Stack was trying to make a turn in downtown Lexington last Wednesday when he was stopped by officer Daniel Smith. The officer, who is white, gave the 22-year-old African American Army National Guardsman a warning citation for illegal use of the median.
Stack said on Friday he realized he had made an improper turn, but after thinking about what he characterized as a cordial interaction with the officer, Stack recorded a two minute video and posted it.
He says at the time of the traffic stop, he had seen the cell phone video of the fatal shooting of 50-year-old Walter Scott by a North Charleston police officer.
However, the traffic stop in Lexington ended with a much better outcome.
"Nothing but polite when I went up there," Smith recalled. "Just like I said, as soon as I made contact with him, he really didn't say a lot.
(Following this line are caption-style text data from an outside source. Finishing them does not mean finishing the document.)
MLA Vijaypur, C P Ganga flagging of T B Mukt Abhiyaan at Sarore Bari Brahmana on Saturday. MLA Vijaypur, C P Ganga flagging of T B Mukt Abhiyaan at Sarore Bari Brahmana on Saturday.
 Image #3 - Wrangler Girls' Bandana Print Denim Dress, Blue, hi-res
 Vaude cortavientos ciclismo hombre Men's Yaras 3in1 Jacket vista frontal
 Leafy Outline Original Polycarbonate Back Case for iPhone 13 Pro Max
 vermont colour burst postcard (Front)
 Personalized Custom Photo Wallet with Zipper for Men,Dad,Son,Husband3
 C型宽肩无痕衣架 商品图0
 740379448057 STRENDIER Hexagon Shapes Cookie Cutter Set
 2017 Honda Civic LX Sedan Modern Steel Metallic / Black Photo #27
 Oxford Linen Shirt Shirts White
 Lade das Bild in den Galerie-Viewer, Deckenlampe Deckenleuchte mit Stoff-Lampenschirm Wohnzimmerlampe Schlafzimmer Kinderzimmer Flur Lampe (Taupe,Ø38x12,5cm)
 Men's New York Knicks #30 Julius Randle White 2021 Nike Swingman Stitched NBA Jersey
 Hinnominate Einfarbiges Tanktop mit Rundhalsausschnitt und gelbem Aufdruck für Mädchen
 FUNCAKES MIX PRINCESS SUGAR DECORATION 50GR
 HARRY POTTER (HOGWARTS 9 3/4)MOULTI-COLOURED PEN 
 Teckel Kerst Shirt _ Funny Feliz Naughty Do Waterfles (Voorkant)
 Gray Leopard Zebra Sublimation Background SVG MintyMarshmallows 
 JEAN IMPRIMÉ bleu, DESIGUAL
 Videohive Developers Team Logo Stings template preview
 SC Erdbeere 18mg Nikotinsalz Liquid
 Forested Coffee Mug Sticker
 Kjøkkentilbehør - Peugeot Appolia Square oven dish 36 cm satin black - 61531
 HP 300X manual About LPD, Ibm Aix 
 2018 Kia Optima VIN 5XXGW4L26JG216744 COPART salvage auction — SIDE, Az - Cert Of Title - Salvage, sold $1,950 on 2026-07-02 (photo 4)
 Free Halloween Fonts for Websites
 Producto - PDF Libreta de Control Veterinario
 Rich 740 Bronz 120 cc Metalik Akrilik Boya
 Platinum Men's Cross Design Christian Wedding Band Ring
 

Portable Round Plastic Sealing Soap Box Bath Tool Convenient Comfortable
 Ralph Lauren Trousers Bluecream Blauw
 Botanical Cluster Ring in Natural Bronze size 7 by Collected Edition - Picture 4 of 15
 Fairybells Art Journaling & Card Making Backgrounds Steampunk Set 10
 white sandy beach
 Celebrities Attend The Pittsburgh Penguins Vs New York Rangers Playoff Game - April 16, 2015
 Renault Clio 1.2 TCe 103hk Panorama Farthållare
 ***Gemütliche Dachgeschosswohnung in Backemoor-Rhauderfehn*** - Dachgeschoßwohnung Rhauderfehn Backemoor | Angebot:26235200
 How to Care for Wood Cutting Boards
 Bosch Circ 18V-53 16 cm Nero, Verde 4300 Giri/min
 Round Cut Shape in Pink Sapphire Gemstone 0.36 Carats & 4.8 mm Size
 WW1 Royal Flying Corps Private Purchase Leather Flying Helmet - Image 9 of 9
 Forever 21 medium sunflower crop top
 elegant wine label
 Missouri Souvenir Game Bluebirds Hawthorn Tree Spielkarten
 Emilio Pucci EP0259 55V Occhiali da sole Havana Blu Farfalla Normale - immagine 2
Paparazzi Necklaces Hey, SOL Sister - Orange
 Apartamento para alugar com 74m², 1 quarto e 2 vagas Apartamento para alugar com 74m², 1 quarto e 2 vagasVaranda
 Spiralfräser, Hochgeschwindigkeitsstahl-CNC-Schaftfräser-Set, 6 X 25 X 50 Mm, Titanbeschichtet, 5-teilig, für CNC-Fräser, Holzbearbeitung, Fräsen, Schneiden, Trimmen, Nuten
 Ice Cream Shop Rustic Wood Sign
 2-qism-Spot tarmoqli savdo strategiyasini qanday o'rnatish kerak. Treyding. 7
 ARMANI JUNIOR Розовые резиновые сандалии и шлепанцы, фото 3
But I can recall, I explained to him why I stopped him and I believe his reply was just 'Yes sir.'"
Stack says that while that incident was shocking, he wanted to let others know that "it's possible for African-Americans to have respect for police officers and what they do."
Since we highlighted Stack's video, it has been viewed more than 32.2 million times. At last report, more than 89.3 million people had seen the post.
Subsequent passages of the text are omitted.